Exercise data Start Marker
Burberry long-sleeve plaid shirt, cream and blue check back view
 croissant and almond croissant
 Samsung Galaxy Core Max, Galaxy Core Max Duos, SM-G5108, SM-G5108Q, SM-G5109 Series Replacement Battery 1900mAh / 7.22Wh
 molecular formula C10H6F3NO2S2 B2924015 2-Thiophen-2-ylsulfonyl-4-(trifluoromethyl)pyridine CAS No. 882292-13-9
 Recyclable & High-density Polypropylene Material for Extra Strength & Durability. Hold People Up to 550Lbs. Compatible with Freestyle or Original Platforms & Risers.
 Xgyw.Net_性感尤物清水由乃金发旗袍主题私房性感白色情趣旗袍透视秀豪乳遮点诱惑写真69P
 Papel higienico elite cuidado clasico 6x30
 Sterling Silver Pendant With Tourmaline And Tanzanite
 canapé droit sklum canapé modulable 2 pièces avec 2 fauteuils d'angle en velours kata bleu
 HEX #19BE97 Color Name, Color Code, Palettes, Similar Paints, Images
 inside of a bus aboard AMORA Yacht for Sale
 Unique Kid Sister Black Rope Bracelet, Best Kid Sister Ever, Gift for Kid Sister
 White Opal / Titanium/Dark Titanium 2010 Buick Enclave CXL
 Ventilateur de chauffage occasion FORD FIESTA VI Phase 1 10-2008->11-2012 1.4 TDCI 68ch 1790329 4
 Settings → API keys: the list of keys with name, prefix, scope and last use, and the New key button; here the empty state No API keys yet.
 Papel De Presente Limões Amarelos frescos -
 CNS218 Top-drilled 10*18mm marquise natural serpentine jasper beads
Exercise data End Marker
Assignment
Where a line in the listing above includes the string "Papel", copy that line.

Written response
 Papel higienico elite cuidado clasico 6x30
 Papel De Presente Limões Amarelos frescos -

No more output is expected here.